*Aim of the task*.
Below are the records; repeat exactly their lines between the line holding "Sudadera de algodón" and the line holding "Et ce n'est", inclusive, skipping the pictures.

*Provided entries*.
^^^^

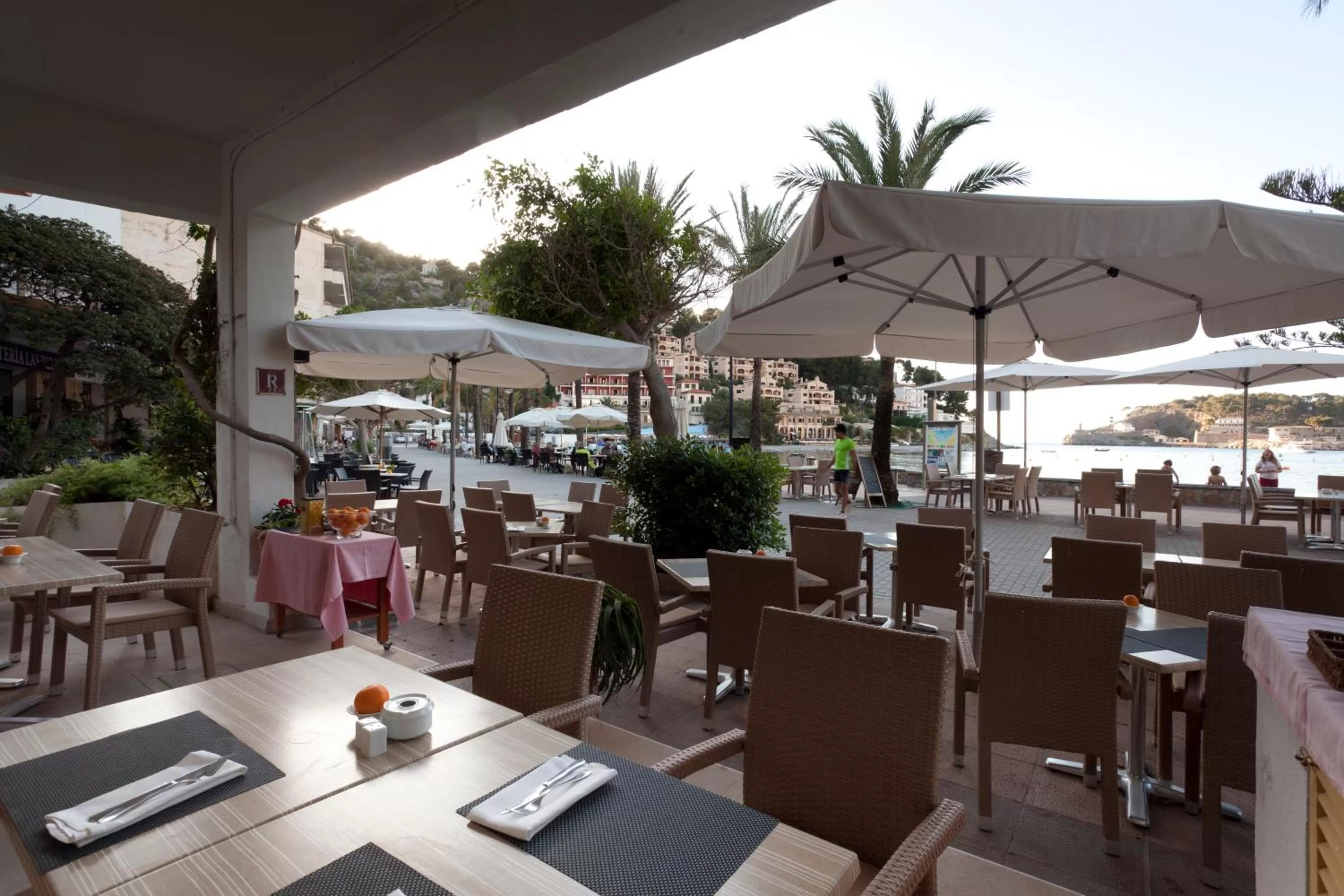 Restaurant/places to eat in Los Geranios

^^^^

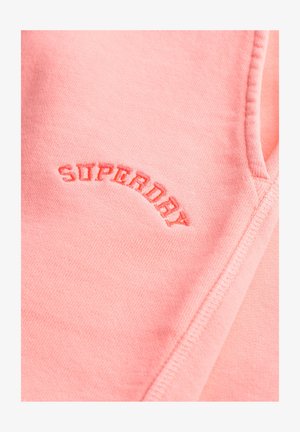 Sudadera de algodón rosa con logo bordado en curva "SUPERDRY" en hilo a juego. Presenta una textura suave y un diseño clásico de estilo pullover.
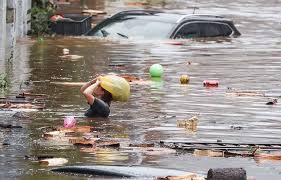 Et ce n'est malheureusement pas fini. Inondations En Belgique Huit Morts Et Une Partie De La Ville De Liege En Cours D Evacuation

^^^^

*Answer box*.
 Sudadera de algodón rosa con logo bordado en curva "SUPERDRY" en hilo a juego. Presenta una textura suave y un diseño clásico de estilo pullover.
 Et ce n'est malheureusement pas fini. Inondations En Belgique Huit Morts Et Une Partie De La Ville De Liege En Cours D Evacuation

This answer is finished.